# [EXERCISE DATA]

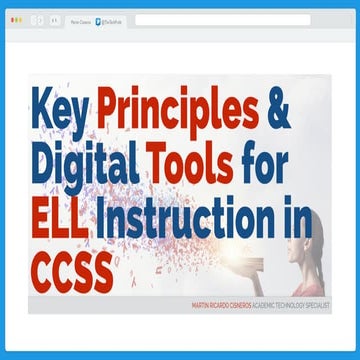 Key Principles, Strategies, & Digital Tools for ELL Instruction in CCSS 2016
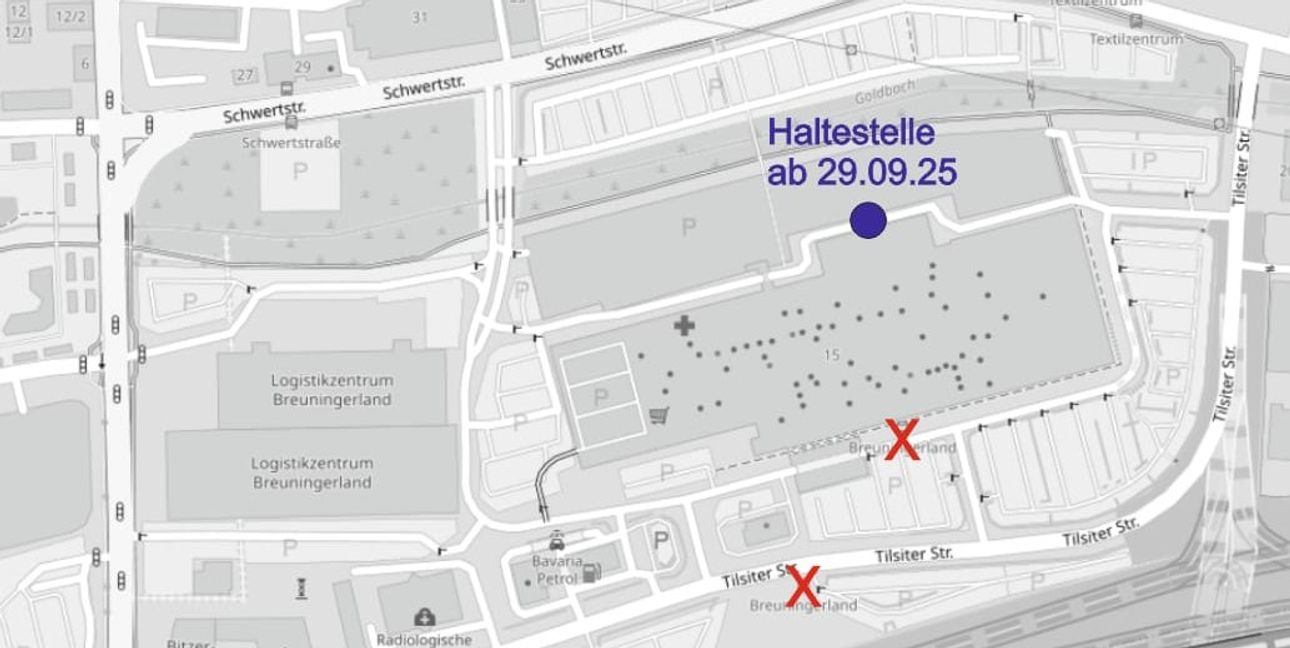 Unsere Karte zeigt die Verlegung der Haltestelle Breuningerland ab Montag, 29. September.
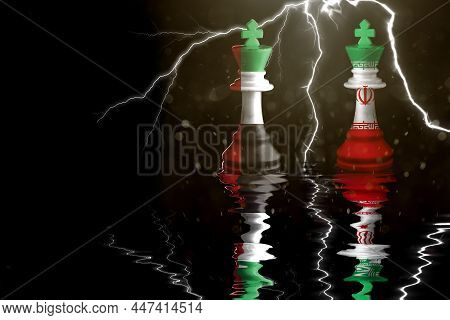 United Arab Emirates Vs Iran Flags Paint Over On Chess King. 3d Illustration United Arab Emirates Vs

# [REQUIRED ACTION]
Your copy should hold only the lines running from the one that contains "Unsere Karte zeigt" through the final line of the data; transcribe them exactly, both ends included, and leave pictures out.

# [ANSWER SPACE]
 Unsere Karte zeigt die Verlegung der Haltestelle Breuningerland ab Montag, 29. September.
 United Arab Emirates Vs Iran Flags Paint Over On Chess King. 3d Illustration United Arab Emirates Vs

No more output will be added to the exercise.